▶
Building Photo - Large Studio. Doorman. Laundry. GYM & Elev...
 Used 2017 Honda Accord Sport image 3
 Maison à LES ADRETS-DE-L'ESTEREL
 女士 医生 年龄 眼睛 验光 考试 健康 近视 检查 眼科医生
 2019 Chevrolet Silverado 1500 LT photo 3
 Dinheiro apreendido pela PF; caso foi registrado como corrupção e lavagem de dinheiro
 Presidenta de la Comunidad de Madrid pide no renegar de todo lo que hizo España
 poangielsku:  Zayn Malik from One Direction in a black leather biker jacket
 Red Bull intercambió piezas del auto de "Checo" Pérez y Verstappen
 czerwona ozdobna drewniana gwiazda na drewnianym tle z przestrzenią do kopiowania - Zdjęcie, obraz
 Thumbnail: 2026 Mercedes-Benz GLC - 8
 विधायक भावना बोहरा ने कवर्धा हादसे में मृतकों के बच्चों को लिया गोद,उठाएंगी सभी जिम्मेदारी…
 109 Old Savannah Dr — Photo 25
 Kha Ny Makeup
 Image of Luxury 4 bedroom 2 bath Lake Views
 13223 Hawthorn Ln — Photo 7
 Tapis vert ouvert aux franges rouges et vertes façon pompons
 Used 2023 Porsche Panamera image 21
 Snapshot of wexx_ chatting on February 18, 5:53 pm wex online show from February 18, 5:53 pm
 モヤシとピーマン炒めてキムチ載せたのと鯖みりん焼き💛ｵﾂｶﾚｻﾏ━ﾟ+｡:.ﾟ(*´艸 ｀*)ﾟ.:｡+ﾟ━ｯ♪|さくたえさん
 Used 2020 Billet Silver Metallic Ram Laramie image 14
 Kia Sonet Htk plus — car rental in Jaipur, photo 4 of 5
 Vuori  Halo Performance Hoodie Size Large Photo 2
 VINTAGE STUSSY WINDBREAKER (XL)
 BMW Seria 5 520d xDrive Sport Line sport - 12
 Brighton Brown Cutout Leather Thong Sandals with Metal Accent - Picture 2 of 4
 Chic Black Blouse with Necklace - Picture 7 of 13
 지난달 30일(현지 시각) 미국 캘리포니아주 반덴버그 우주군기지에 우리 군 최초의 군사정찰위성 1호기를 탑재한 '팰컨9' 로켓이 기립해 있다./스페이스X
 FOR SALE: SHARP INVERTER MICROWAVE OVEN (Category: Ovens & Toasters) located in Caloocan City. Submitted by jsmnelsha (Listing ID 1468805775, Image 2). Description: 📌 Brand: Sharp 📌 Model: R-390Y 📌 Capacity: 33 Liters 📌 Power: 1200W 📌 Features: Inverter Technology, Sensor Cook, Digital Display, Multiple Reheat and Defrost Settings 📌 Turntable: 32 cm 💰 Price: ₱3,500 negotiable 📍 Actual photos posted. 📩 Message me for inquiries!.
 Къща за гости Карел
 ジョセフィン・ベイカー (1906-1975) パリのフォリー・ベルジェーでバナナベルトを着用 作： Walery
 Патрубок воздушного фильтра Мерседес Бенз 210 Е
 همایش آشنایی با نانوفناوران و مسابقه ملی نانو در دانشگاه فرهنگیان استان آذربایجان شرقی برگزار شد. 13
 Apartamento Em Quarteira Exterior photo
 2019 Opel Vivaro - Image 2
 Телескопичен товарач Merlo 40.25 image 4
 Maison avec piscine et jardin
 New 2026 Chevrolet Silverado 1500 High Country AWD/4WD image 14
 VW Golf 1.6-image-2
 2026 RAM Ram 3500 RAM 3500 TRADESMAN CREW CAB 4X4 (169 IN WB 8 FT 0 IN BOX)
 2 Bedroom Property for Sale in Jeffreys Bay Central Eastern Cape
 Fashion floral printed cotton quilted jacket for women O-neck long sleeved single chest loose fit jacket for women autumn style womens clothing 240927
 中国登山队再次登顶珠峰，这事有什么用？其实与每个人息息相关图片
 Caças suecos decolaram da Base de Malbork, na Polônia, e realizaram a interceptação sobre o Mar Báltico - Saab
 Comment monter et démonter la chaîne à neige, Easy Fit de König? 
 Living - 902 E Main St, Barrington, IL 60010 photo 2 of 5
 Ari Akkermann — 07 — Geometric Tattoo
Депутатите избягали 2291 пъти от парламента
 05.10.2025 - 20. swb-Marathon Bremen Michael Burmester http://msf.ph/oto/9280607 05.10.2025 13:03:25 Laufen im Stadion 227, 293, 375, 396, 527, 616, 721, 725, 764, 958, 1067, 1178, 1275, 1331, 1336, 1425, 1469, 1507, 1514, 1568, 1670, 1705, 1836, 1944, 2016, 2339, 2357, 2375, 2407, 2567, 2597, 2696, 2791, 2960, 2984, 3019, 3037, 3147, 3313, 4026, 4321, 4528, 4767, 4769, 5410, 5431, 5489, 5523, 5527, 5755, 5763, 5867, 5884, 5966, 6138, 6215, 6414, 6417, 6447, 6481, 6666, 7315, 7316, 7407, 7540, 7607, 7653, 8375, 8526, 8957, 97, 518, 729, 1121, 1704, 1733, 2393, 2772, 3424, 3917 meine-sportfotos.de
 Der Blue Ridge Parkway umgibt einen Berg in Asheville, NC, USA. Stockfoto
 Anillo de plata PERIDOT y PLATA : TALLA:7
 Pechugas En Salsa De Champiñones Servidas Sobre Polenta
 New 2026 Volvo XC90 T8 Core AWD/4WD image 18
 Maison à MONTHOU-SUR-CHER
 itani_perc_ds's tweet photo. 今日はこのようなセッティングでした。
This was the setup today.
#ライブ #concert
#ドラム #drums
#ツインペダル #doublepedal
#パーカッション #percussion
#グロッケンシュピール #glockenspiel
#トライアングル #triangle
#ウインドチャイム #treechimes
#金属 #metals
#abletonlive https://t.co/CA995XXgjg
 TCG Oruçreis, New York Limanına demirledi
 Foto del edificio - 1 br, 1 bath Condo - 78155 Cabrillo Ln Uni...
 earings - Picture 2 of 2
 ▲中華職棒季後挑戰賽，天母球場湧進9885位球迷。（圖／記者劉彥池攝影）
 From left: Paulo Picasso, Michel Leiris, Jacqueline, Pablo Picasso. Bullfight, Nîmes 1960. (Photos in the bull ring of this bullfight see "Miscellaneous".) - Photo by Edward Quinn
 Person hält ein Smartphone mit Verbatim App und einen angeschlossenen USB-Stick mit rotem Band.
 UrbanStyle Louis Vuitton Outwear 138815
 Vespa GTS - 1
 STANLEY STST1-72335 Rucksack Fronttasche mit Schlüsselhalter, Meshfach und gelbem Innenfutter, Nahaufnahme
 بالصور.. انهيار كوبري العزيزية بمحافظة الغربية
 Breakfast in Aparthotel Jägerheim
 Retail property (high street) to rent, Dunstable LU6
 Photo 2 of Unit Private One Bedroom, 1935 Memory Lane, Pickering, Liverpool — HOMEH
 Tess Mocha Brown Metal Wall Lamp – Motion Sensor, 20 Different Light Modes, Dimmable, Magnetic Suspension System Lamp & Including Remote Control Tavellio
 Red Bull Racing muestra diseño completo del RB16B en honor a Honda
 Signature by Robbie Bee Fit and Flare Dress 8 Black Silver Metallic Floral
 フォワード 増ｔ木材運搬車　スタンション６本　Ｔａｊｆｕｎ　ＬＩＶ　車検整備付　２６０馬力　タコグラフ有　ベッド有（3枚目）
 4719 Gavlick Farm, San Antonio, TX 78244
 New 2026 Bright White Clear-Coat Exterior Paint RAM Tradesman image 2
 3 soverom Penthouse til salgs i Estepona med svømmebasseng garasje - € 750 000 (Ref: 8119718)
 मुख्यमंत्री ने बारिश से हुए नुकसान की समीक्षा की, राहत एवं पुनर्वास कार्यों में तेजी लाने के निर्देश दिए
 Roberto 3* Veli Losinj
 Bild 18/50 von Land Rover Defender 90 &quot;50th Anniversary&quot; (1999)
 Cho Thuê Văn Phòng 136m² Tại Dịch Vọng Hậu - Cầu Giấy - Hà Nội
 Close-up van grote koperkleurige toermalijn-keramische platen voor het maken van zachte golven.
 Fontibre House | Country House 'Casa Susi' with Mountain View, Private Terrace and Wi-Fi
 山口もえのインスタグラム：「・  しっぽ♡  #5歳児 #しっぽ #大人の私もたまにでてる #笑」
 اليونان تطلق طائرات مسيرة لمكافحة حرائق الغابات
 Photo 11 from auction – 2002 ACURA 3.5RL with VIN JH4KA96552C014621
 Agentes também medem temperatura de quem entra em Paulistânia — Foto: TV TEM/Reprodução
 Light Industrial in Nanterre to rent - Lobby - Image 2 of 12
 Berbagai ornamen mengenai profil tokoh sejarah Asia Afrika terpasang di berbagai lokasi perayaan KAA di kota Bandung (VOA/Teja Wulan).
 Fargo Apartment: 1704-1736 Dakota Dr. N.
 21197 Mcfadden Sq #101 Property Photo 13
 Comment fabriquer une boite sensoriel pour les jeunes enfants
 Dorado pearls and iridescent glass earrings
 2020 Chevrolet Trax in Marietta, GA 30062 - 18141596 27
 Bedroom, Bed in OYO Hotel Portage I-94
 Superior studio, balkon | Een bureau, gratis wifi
◀
Every line from the line containing "2 Bedroom Property" through the line containing "Депутатите избягали 2291 пъти от парламента" in the records above must be retyped exactly. Leave out the rest.

Your response:
 2 Bedroom Property for Sale in Jeffreys Bay Central Eastern Cape
 Fashion floral printed cotton quilted jacket for women O-neck long sleeved single chest loose fit jacket for women autumn style womens clothing 240927
 中国登山队再次登顶珠峰，这事有什么用？其实与每个人息息相关图片
 Caças suecos decolaram da Base de Malbork, na Polônia, e realizaram a interceptação sobre o Mar Báltico - Saab
 Comment monter et démonter la chaîne à neige, Easy Fit de König? 
 Living - 902 E Main St, Barrington, IL 60010 photo 2 of 5
 Ari Akkermann — 07 — Geometric Tattoo
Депутатите избягали 2291 пъти от парламента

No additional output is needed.